We need to look at inlining. Looks to me like we can maybe get away with #define-ing the functions to map to the equivalent fuctions for each platform. This does assume that things like windows.h will get included “somewhere” before the #define-ed code is used. This may not be possible and the functions may have to be defined completely outside of the header files. I need input on this topic. The easiest way to implement this is out of line, but that does cost some performance.
It looks like there is no one atomic operation you can count on having on every processor type. At the least you get either an atomic test-and-set used to acquire a lock along with an atomic store used to release a lock or an atomic exchange that can be used to implement the test-and-set/relelase operations.
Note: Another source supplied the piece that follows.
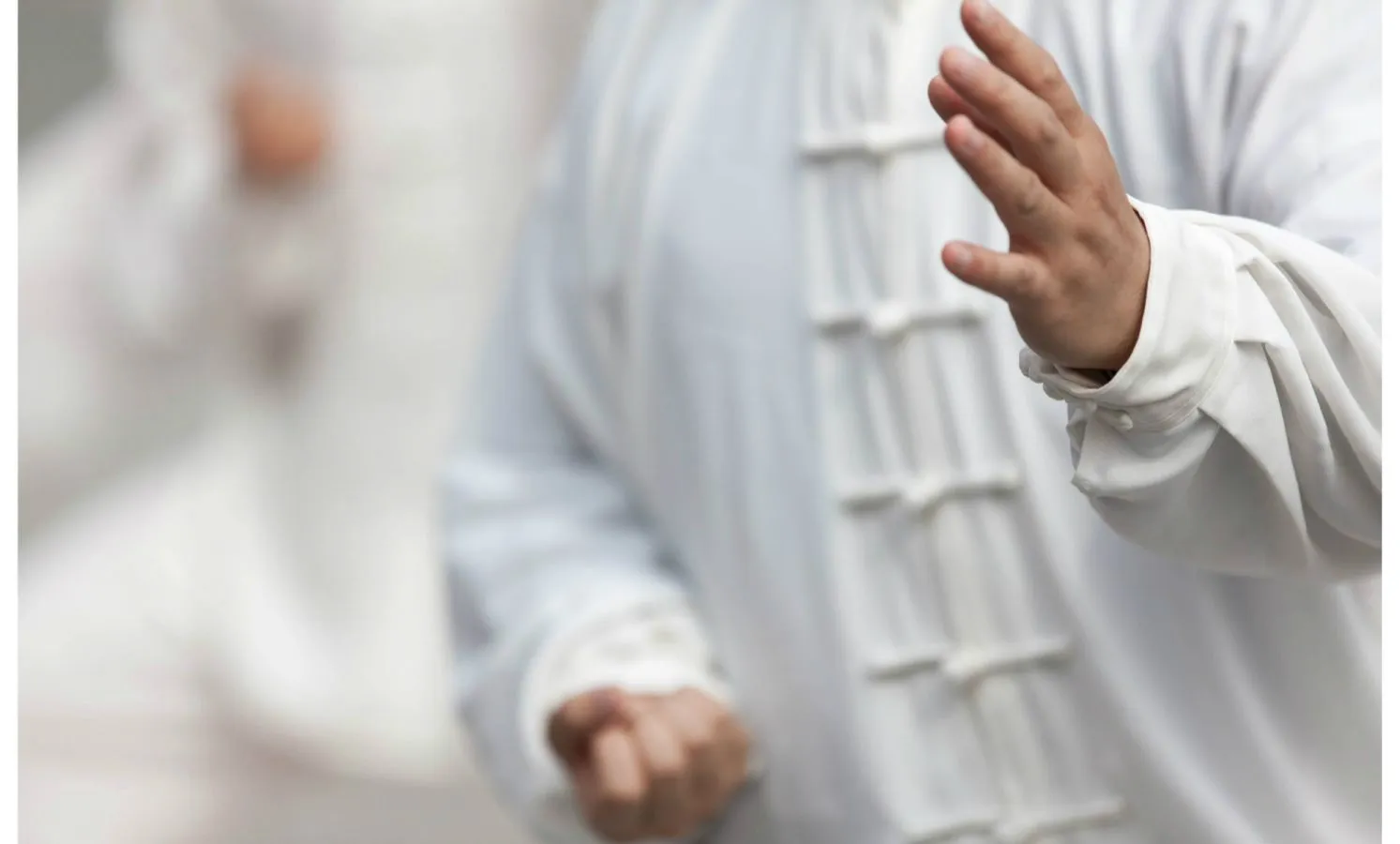 Ein Mann in weissem Gewand trainiert Tai Chi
After that you get into the whole set of fetch-and-op/op-and-fetch operations where op is a subset of (increment, add, decrement, subtract, and, xor, nand…).
Given either exchange or test-and-set/release you can implement all the others with a small loss of performance.
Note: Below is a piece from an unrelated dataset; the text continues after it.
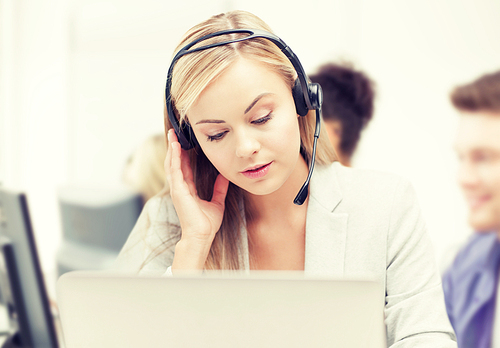 business and technology concept - helpline operator with headphones in call centre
It looks to me like a reasonable set would be 8,16,32, and 64 bit operand versions of:
test-and-set/release
exchange
fetch-and-increment
fetch-and-add
fetch-and-decrement
fetch-and-subtract
increment-and-fetch
add-and-fetch
decrement-and-fetch
subtract-and-fetch
The difference between fetch-and-add and add-and-fetch is like the difference between i++ and ++i.
test-and-set returns SDL_bool,
release returns void
all the rest return one of Uint8, Uint16, Uint32, Uint64
hmm, should probably add busy-wait that works with exchange or test-and-set.
Double hmm, don’t worry, the final names will not have “-” in them, they’ll be SDL_TestAndSet() or something like that.
Ok, that’s my take on it, let me know what’s wrong with it.
See ya,
–Sam
On Tue, Jun 9, 2009 at 11:03 AM, Bob Pendleton wrote:
Ok, I applied the patch. Got everything to compile. Got it all to
install correctly. And ran testatomic. It all works on my Linux box so
I checked it in. No guarantees about any other platform. So, update
from svn and test it on everything. If you find a problem post patches
and we’ll get them in.
On Tue, Jun 9, 2009 at 11:16 AM, Donny Viszneki<donny.viszneki at gmail.com> wrote:
On Tue, Jun 9, 2009 at 9:04 AM, Bob Pendleton wrote:
On Tue, Jun 9, 2009 at 1:21 AM, Donny Viszneki<donny.viszneki at gmail.com> wrote:
xchg xchg xchg xchg xchg xchg xchg xchg …
so what platforms will that patch operate on?
Don’t know yet! What platforms are you interested in? Why don’t you
take a look too.
I did take a look! That’s what “xchg xchg xchg xchg” was all about!